An owl gliding through a cloud of helium-filled soap bubbles reveals wingtip and tail vortices.

Video credit: Usherwood et al.
Source: https://journals.biologists.com/jeb/article/223/3/jeb214809/223686/High-aerodynamic-lift-from-the-tail-reduces-drag

High aerodynamic lift from the tail reduces drag in gliding raptors

Summary: Aerodynamic lift from gliding hawk and owl tails, revealed by tracking helium bubbles, is inconsistent with passive stability or minimizing induced drag, but indicates a role in reducing viscous drag.

The Company of Biologists

@wonderofscience

Vortices always come in pairs because the total curl in the fluid has to add up to zero.

@pete @wonderofscience nieve question.
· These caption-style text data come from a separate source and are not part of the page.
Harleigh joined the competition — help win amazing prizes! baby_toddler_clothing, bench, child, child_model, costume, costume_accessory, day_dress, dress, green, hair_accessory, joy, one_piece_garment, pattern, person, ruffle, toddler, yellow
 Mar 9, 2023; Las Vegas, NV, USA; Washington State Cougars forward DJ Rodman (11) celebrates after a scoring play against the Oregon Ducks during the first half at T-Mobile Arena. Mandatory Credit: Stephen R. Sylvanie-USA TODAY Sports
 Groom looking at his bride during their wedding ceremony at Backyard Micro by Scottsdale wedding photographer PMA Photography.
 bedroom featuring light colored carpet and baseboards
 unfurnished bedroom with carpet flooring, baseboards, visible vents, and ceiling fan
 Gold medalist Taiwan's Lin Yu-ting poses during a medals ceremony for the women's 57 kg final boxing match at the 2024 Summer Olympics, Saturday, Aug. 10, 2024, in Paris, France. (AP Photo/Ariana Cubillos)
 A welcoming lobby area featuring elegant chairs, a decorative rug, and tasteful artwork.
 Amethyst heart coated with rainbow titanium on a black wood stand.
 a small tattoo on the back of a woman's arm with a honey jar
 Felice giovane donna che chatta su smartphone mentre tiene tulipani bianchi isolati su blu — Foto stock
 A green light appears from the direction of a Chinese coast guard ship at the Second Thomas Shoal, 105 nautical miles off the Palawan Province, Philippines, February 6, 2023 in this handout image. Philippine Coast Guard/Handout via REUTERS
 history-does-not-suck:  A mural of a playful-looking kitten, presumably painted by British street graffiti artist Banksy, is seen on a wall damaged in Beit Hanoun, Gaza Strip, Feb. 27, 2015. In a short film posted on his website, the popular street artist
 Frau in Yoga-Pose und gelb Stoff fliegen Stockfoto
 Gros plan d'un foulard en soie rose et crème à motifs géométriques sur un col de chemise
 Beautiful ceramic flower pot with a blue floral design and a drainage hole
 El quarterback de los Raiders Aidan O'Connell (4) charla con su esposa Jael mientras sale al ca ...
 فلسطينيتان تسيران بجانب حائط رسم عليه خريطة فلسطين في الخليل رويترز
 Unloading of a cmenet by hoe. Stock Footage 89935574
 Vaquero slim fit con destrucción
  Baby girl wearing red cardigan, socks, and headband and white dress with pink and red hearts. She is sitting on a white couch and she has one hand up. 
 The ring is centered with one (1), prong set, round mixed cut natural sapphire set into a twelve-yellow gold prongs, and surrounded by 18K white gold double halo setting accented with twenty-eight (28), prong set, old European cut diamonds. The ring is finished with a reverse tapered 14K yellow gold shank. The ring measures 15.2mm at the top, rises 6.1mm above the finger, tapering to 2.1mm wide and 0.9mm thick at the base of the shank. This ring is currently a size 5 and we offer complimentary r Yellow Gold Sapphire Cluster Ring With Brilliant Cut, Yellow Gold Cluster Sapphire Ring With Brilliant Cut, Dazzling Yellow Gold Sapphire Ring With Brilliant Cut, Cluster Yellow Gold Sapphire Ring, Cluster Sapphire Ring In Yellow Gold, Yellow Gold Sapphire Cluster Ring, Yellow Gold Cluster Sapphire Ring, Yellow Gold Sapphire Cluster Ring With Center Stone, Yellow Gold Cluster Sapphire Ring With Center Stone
Can they come in a triplet with two having half the curl and opposite of the third maintaining the zero sum?

@samurai @wonderofscience

Short answer: Maybe
Longer answer: I don’t know
Long answer: It’s complicated

@pete @wonderofscience as an economist, when I think about something “simple” like fluid dynamics, and how quickly it gets complicated, it amazes me that we know anything about economics at all.
@samurai @wonderofscience my fluids lecturer said he would go and watch jumbo jets taking off at the airport and exclaimed in a bemused but very posh public school accent that he didn’t “know how the bloody things got off the ground”
@pete @wonderofscience as I couldn’t settle on a singular reply, I offer a Choose Your Own Adventure::
If you choose “My uncle was a pilot and he didn’t know either. Thankfully, he knew how they landed.” turn to page 57.
If you choose “That’s understandable when you assume a spherical plane.” turn to page 33.